### WORK ITEM
Quote each line of the material verbatim, without the pictures.
---------- PROVIDED DATA ----------
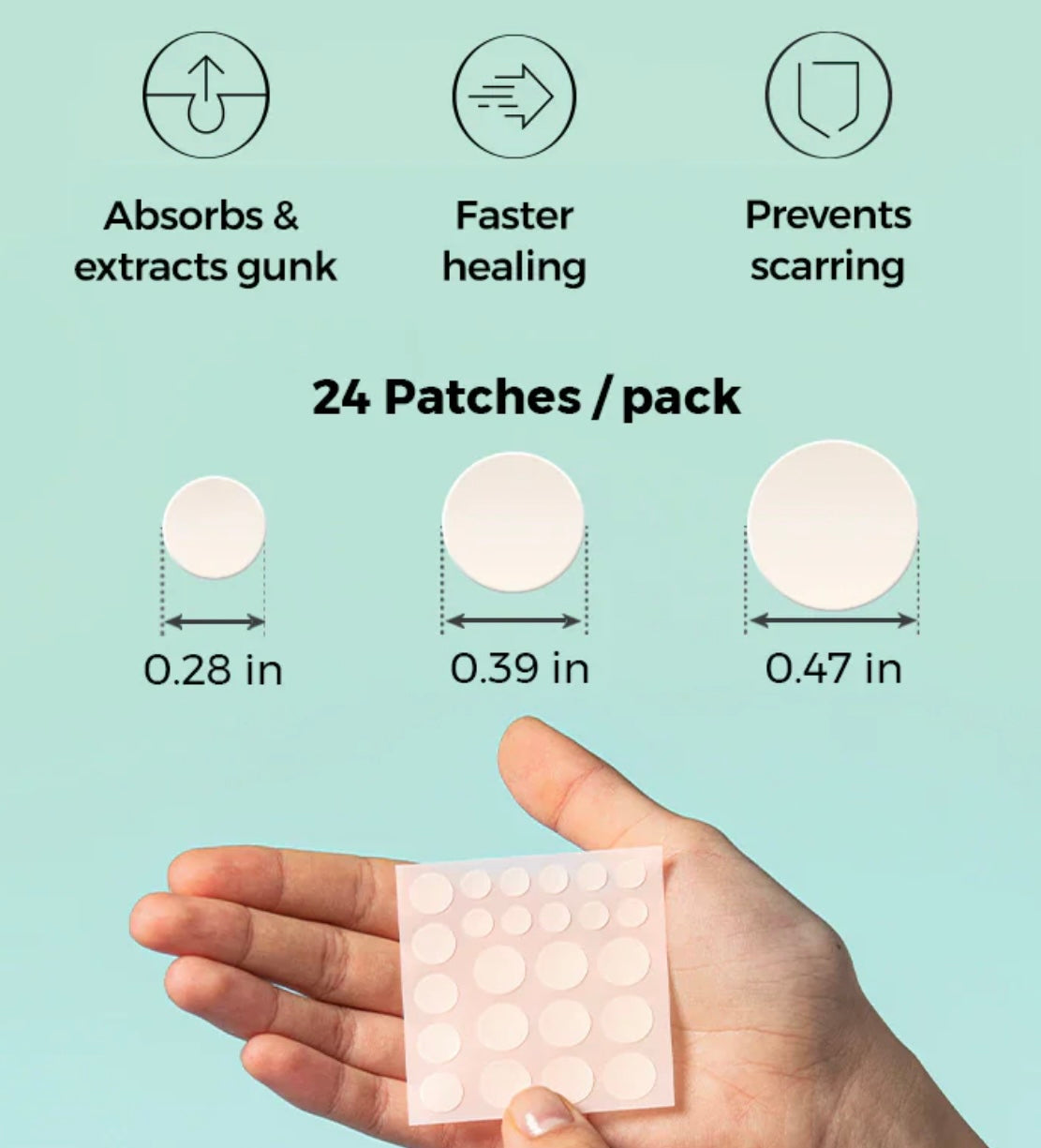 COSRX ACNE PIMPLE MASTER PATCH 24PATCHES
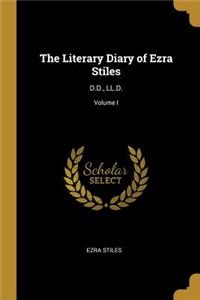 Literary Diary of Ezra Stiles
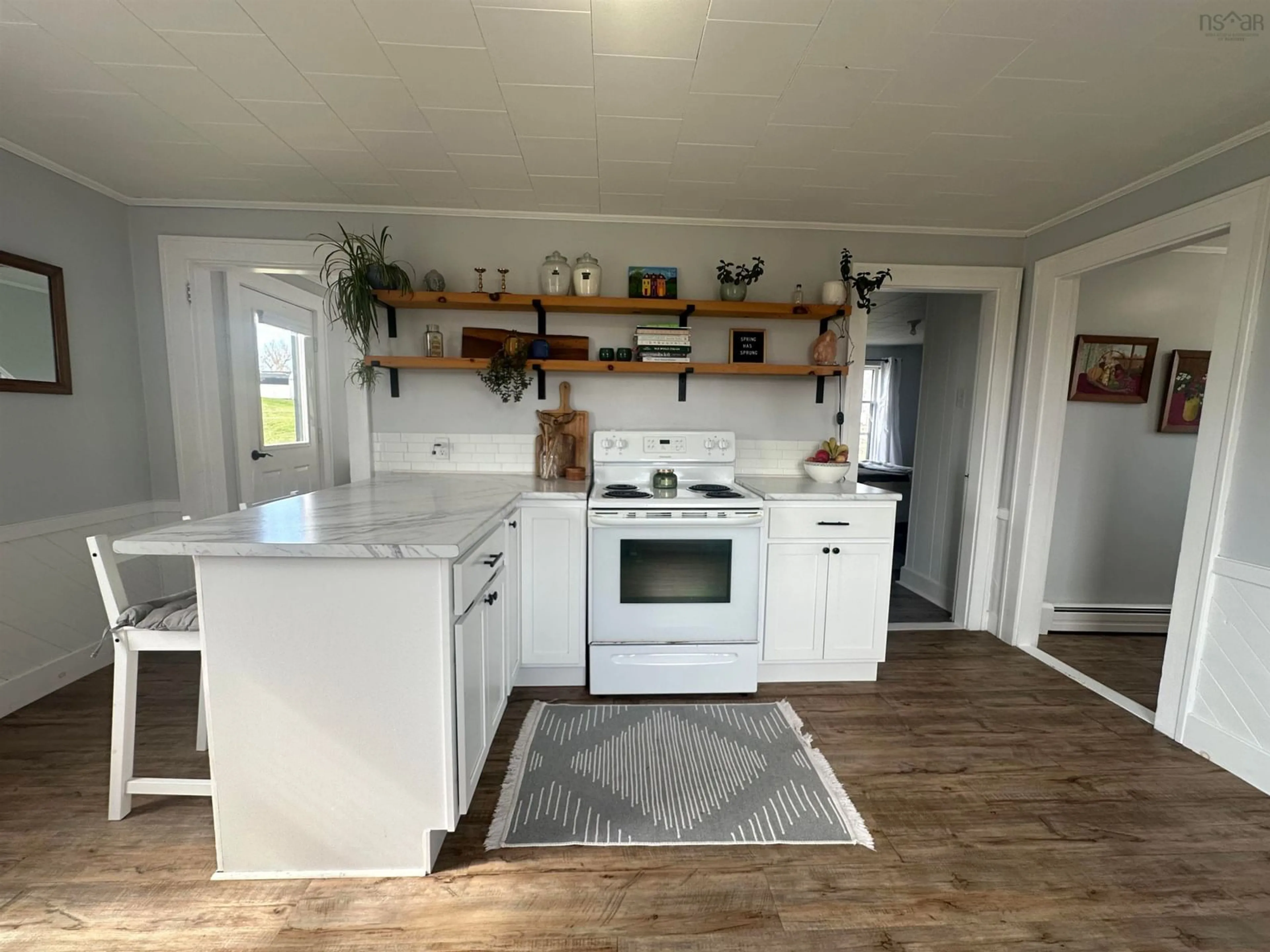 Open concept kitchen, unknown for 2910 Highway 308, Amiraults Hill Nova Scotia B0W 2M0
----------
### OUTPUT
 COSRX ACNE PIMPLE MASTER PATCH 24PATCHES
 Literary Diary of Ezra Stiles
 Open concept kitchen, unknown for 2910 Highway 308, Amiraults Hill Nova Scotia B0W 2M0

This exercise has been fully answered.